Supplied material:
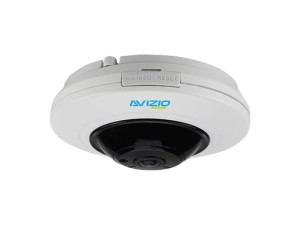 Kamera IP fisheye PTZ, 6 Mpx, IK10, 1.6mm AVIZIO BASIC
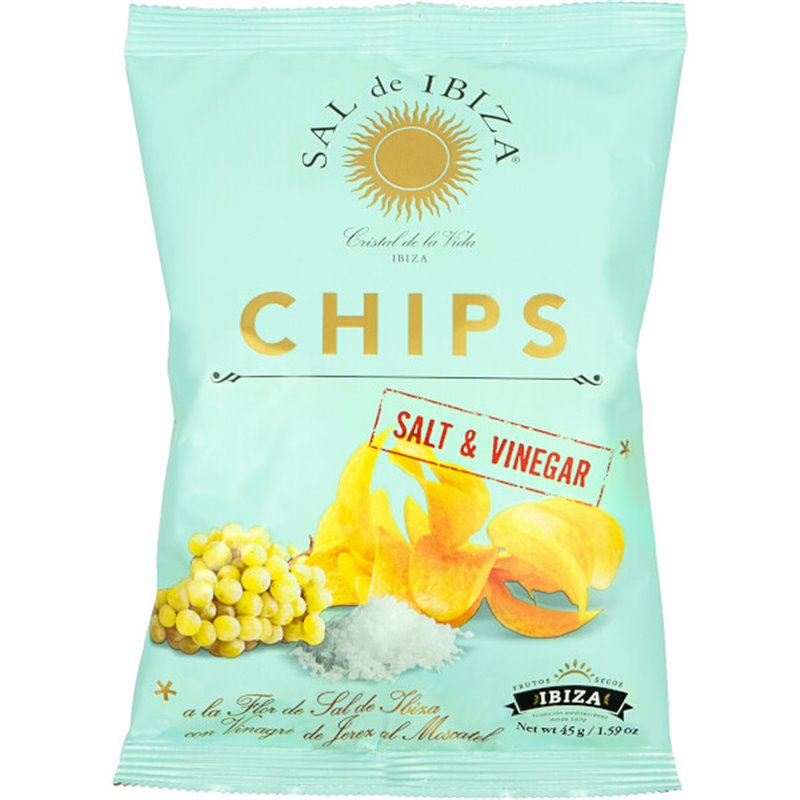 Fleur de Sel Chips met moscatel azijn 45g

---

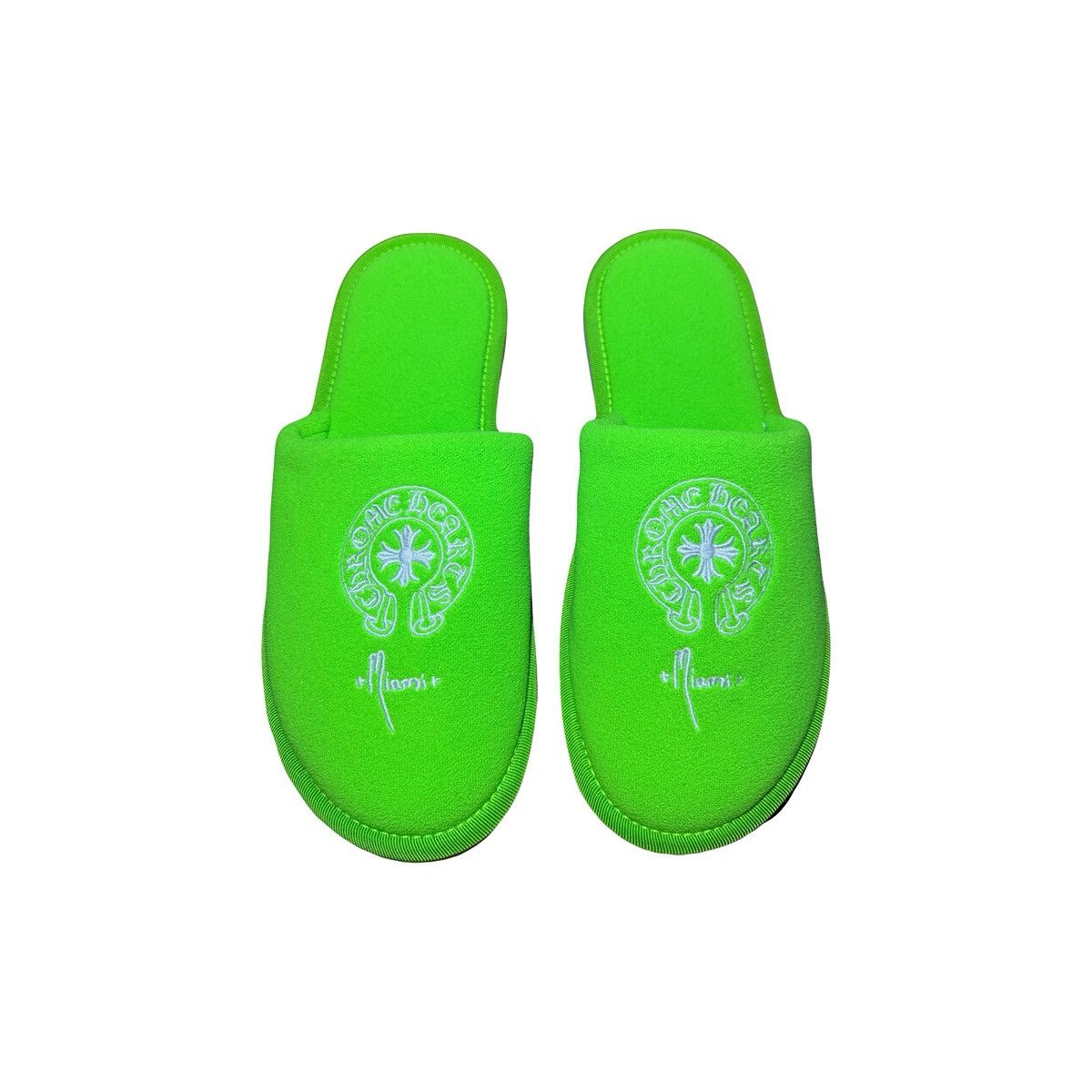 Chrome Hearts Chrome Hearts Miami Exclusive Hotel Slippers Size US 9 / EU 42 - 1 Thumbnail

==

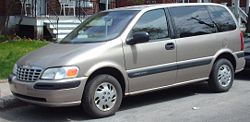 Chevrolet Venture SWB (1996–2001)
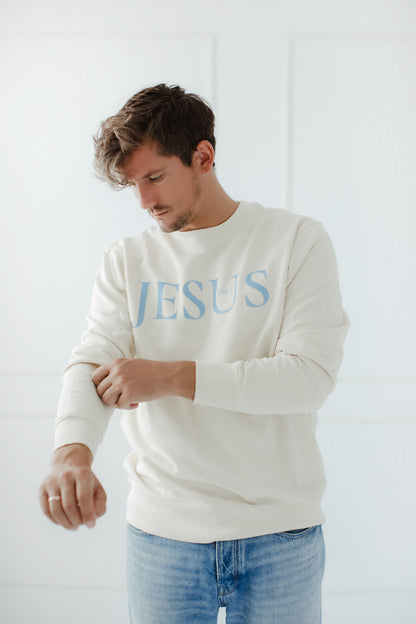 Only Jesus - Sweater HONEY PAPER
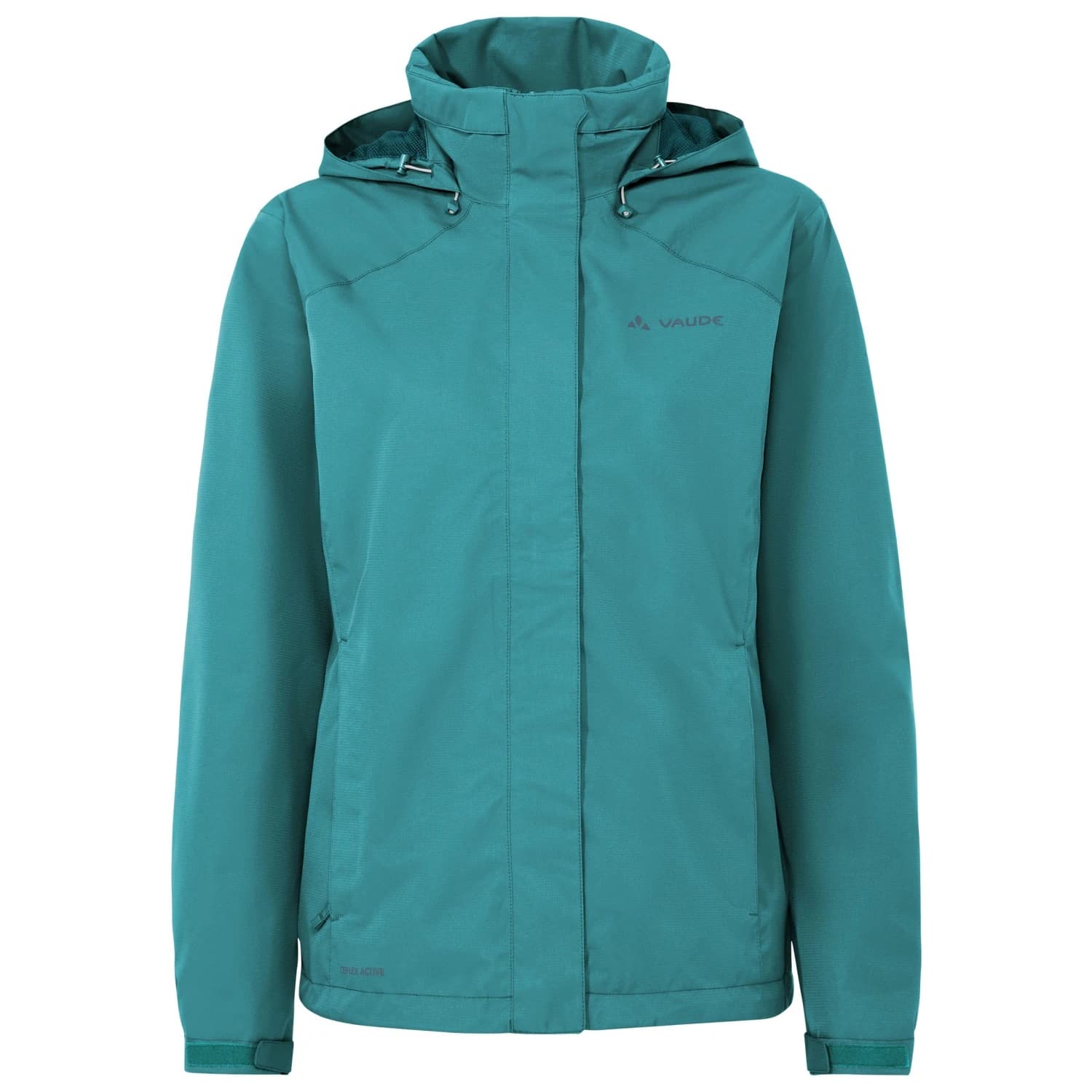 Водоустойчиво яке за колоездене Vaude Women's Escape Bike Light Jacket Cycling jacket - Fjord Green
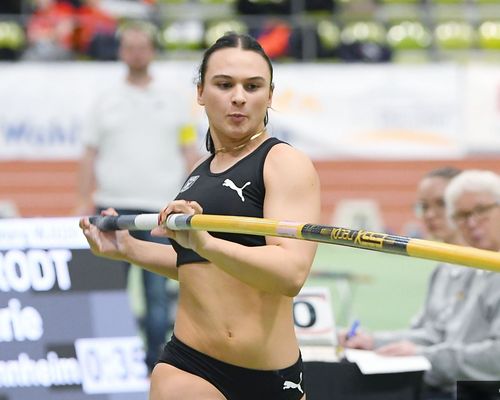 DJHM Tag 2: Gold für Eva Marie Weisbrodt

Work to be completed: An exact copy is needed. It runs from the line above containing "Kamera IP fisheye" down to the line containing "Fleur de Sel Chips met moscatel azijn 45g", both included, with no pictures.

Written solution:
 Kamera IP fisheye PTZ, 6 Mpx, IK10, 1.6mm AVIZIO BASIC
 Fleur de Sel Chips met moscatel azijn 45g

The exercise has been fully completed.